A Stranger and Plath
I lie on the upper berth of this train
peeking at the lady on the lower
as she reads Plath.
She looks outside the window
every time Plath mentions death
as if gasping for air.
I want to tell her
her highlighted lines from the book
resemble the poet’s tomato soup cake recipe
that tastes like my grandmother’s lasagna—
alive yet dead, inside out.
I want to tell her
her sketch of the poet’s chestnut brown hair lock
stands out as a portrait of the artist
as I picture her—
young and feminine and creative.
I want to tell her
her desperate sobs after every poem she reads
sound like the hauntingly sweet melody
I imagined for the poet’s recordings—
rough and raw and real.
I climb down and show her
her tightened fists, my moons inside my palms,
her floral dress, my flowers on my thighs,
her Sylvia Plath, my poems in my diary.
and I come back to my place, crying,
to caress my dead seeds; she calls me,
but I stay, I stay, until I sleep
for one hour or five.
and when I wake up, my lady has left,
my seeds are missing; I reach home,
my dead fig tree is blooming.
Shifali Gulati is a literature student, poet, writer, and editor from India. Her fiction and poetry have been published in magazines such as Delhi Poetry Slam and Everything Literati. She aspires to launch her own literary magazine in 2021.
The air is lighter than ever
With hair above your lips, the air is a bit lighter.
Purple flowers. Beetle eyes. Clavicle.
The windows look like flotation devices,
rectangular in the concrete of air,
the touch finally see-through, a little less dense on the skin,
more ancestral than ever, rivers closer to skies,
souls heavier — underbellies waiting to shed.
There was no one at the window.
White and fetal yellow with eyes picked out and scrambled —
lizard eggs tumble down, roll across easy gaps.
Not hills. They were never hills.
Just valleys waiting to be crossed.
An easy trek. The air is lighter than ever.
Kalyani Bindu is an Indian writer and researcher, and author of Two Moviegoers. Her poems and essays have appeared in Better Than Starbucks, Ethos Literary Journal, New Asian Writing, Variant Literature Journal, Madras Courier, Muse India, Modern Literature, the Indian Express, and others.
The Unburnt Toast
Unravel the mystery of the half-burnt toast
a slice of brown bread that couldn’t succumb to fire.
One day you’ll know what it means.
A pale, brown woman with unkempt tresses
walks along the pavement. The asphalt and concrete cracked with age:
a barren thoroughfare of desires — a road to hell in-the-making
Her black eyes look around —
the remnants of a half-eaten apple look tempting.
She hides it secretly inside her cleavage —
a feeble attempt at a brutal revenge —
those once altruistic soldiers become mannequins.

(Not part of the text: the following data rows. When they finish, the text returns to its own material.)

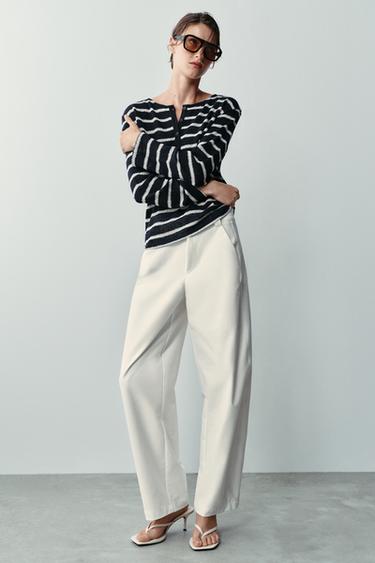 ФУТБОЛКА В ПОЛОСКУ С ВОРОТНИКОМ НА ПУГОВИЦАХ — Синий/Белый от Zara — изображение 0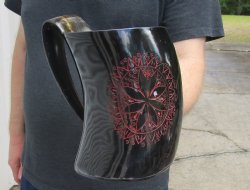 Polished Ox Horn Mug, Cow Horn Mug with carved red emblem design 7" tall.  Buy this Mug now for $30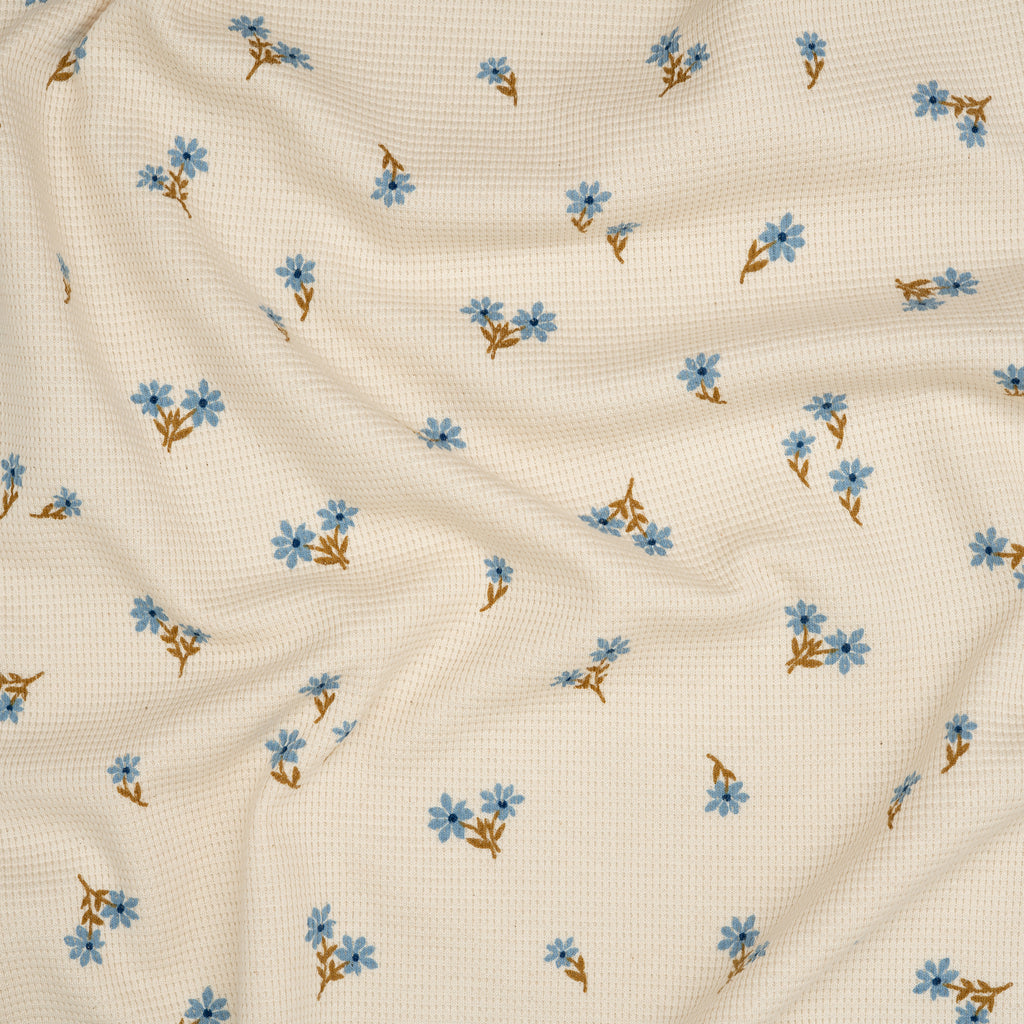 Waffelstrick Blumen Natur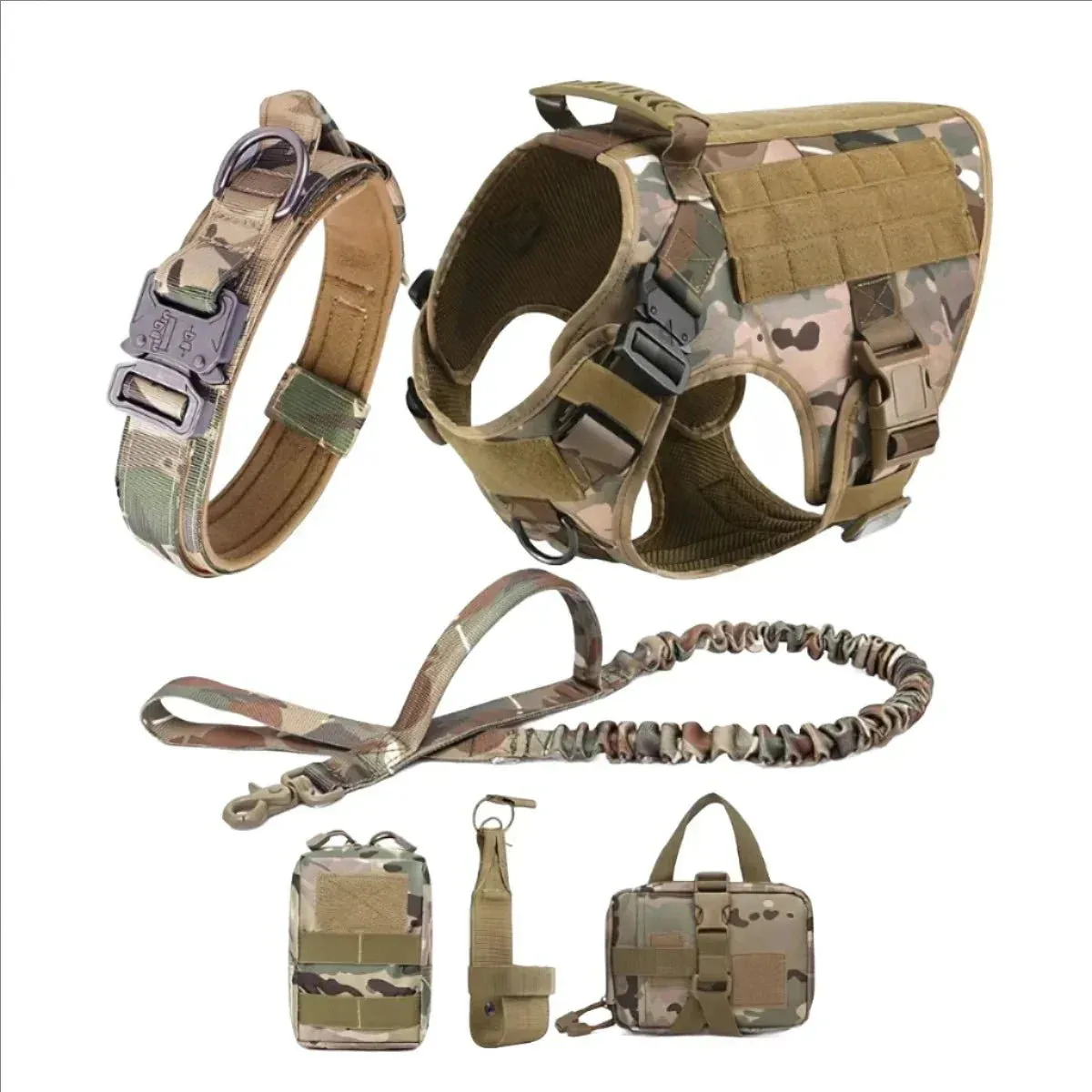 Heavy-Duty Tactical Dog Harness And Leash Set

My poor Pakistani mother in a slum
now has apple as a weapon to express her rage
They say have patience — you will get the aid you deserve.
Don’t they know the toast has burnt and the jam is now wet?

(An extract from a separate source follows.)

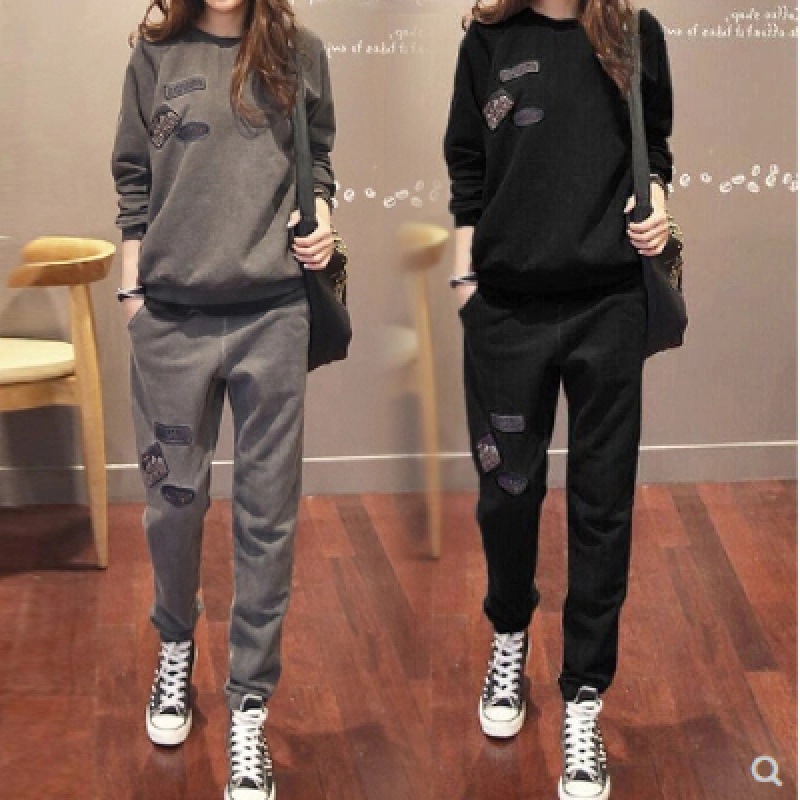 Composite Imitation Super Suit Women's New Autumn and Winter Thickened Loose Top Velvet Sports Two-piece Korean Fashion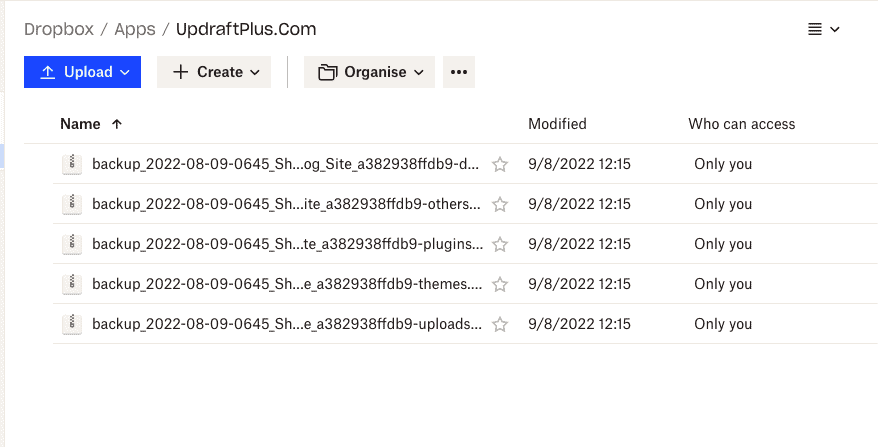 Backup zip files in dropbox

First published by Stone of Madness Press.
Fizza Abbas is a Freelance Content Writer based in Karachi, Pakistan. She is fond of poetry and music. Her works have been published on quite a few platforms including Poetry Village and Poetry Pacific.
Life’s Grave Philosophy
A raven was shot dead; my father killed it.
Its family, friends, and relatives circled around.
Their mass crowing was their mass mourning.
They prayed for the departed soul and perched
On the leafless Neem-tree-branches spread in the yard.
Some of them were still circling around
While father prepared the rifle for the next shot!
Now he was ready; the rifle made a loud report.
Two more ravens fell in the yard in a crumpled heap.
Family, friends, and relatives flew off from the tree,
They groaned and mourned like human beings do,
Their screeching heaving the environment weirdly!
The second tragedy made the first one far less painful,
The ravens dispersed, realizing life’s grave philosophy.
Ziaul Moid Khan is a speculative fiction author and a romantic poet. His work has been featured in Better Than Starbucks, Bards and Sages Quarterly and Literary Orphans. Zia teaches English, residing in Rajasthan with wife Khushboo, and son Brahamand. Email him at email@example.com.
A bar. The red in Tim’s mother’s glass
disappears. Hit me again, she says.
A bar. Tim shall look after himself.
A blur. The tire swing replaced every summer
wets the muddy ground with its rain
soaked shadow. Tim blurs away in
his eyes. I am late. I should be there
with those underaged beers I promised.
We have toy revolvers that look like
a heady mix of black and clotted blood.